Writers and journalists are often among the first citizens targeted and punished by autocratic leaders. With creeping authoritarianism and instability in many regions around the world, it's an increasingly dangerous time for writers of all kinds.
On the eve of PEN International's Day of the Imprisoned Writer, we'll hold a special panel event as part of our Writers in Exile series to discuss old and emerging threats to literary freedoms today.
Host Sami Shah will welcome back the three writers who have shared their personal stories of exile – journalist Roza Germian, playwright Samah Sabawi and playwright and poet Mammad Aidani – for the last conversation in the series. They'll discuss their own experiences and their knowledge of press and literary restriction in their respective home countries. They'll talk, too, about the role Australia can and should play on the international stage with regards to protecting and protesting the freedom of writers here and overseas.

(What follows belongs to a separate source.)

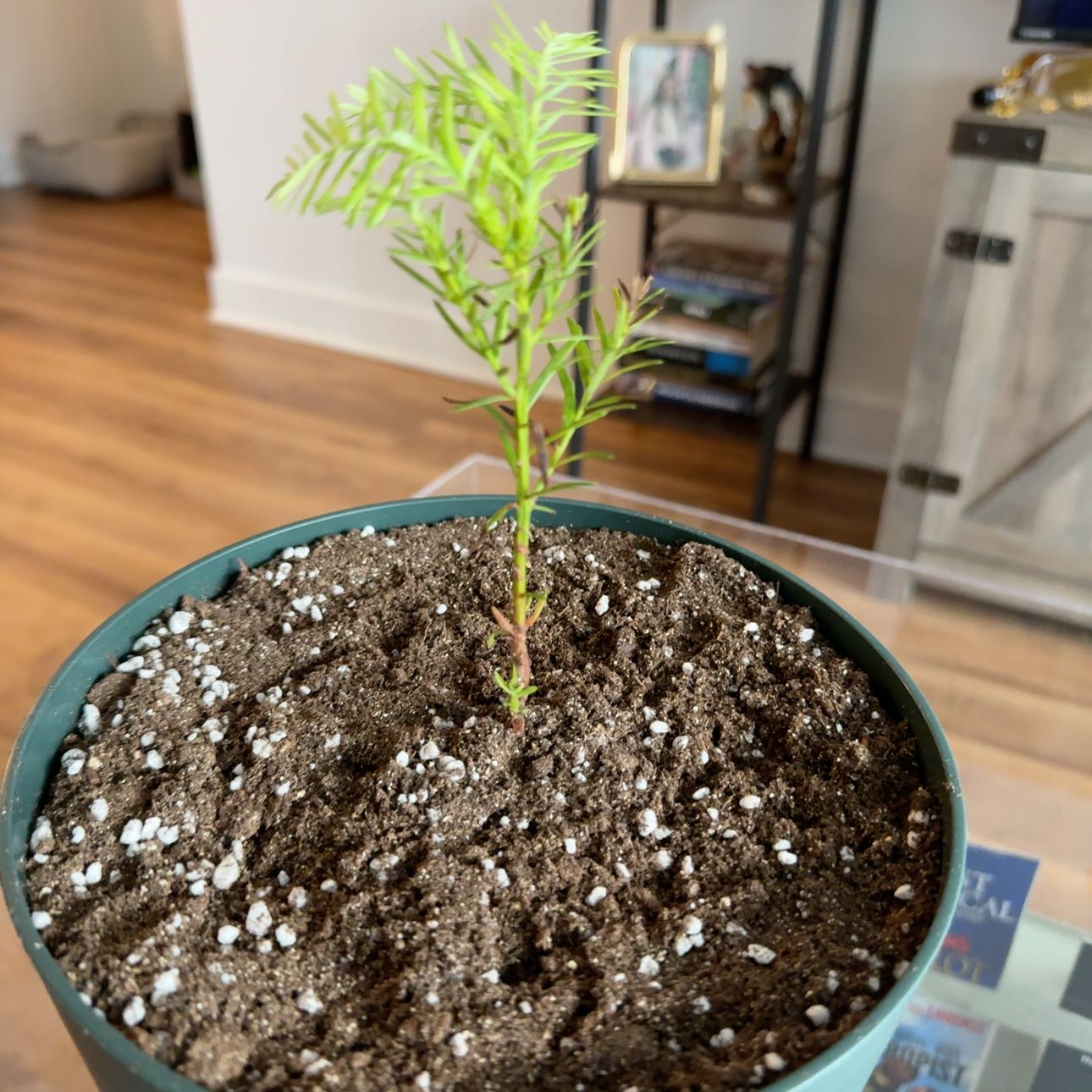Young Redwood sapling in a pot with well-draining soil, indoors.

Join us as we talk free minds, free words and free expression today.
Presented in partnership with PEN Melbourne.
This event will be Auslan interpreted.
Featuring
Sami Shah
Roza Germian
Roza Germian was born in the second year of the eight year-long Iran-Iraq war, in the city of Kirkuk under the Baathist rule. The majority of Kirkuk’s population were of Kurdish background and regularly targeted by the Baathist regime. In 1991, during the first Gulf War, her family along with four million Kurdish people became refugees in Iran and Turkey. Roza’s family arrived in Australia in 1996, where she later studied journalism. Roza is now the Executive Producer for the SBS Radio Kurdish Program.
Samah Sabawi
Dr Samah Sabawi is an award-winning playwright. In 2020 she received a Green Room Award for best writing for her play THEM, also nominated for Best Independent Theatre Ensemble, Best Independent Production and ...
Mammad Aidani
Mammad Aidani is a human rights advocate, acclaimed poet, playwright, theatre director, and distinguished psychosocial researcher investigating the violence, torture and trauma experienced by Iranians and Middle Eastern immigrants, refugees and asylum seekers who have resettled in Australia and the West.
Mammad has been part of the international art project, Heartbreak, at this years’ Venice Biennale, and his play In The Mirror will be restaged at La Mama theatre in 2020. He is currently working on a theatre project with a group of Iranian asylum seekers and refugees called Forough and Us, in which they reflect on the fearless personality and the unique and challenging poetry of the most significant Iranian female poet Forough Farrokhzad (1934–1967). He has not been able to return to Iran over the last 40 years. Mammad’s writings have been banned and are not published in Iran.
Mammad was part of the list of invitees to contribute at La Mama theatre’s 50th anniversary in 2016. As part of his contribution to this event, he directed vignettes from his new play In-Waiting, written in Persian, and the play An Idiot Amongst Us, which was first produced at La Mama in 1996.
Mammad has been living in exile from his native country, Iran, since 1979. He left Iran several months after the collapse of the Shah’s dictatorial regime. As a young activist against the Shah, dreaming of living in a new, free, open and democratic Iran, he quickly became deeply disheartened and disturbed by the rapid rise of Islamic fundamentalism, and the extremely violent and dangerous situation in which he found himself. Becoming the subject of harassment and threats because of his strong views and criticism of the new regime, and fearing for his life, Mammad decided to leave Iran.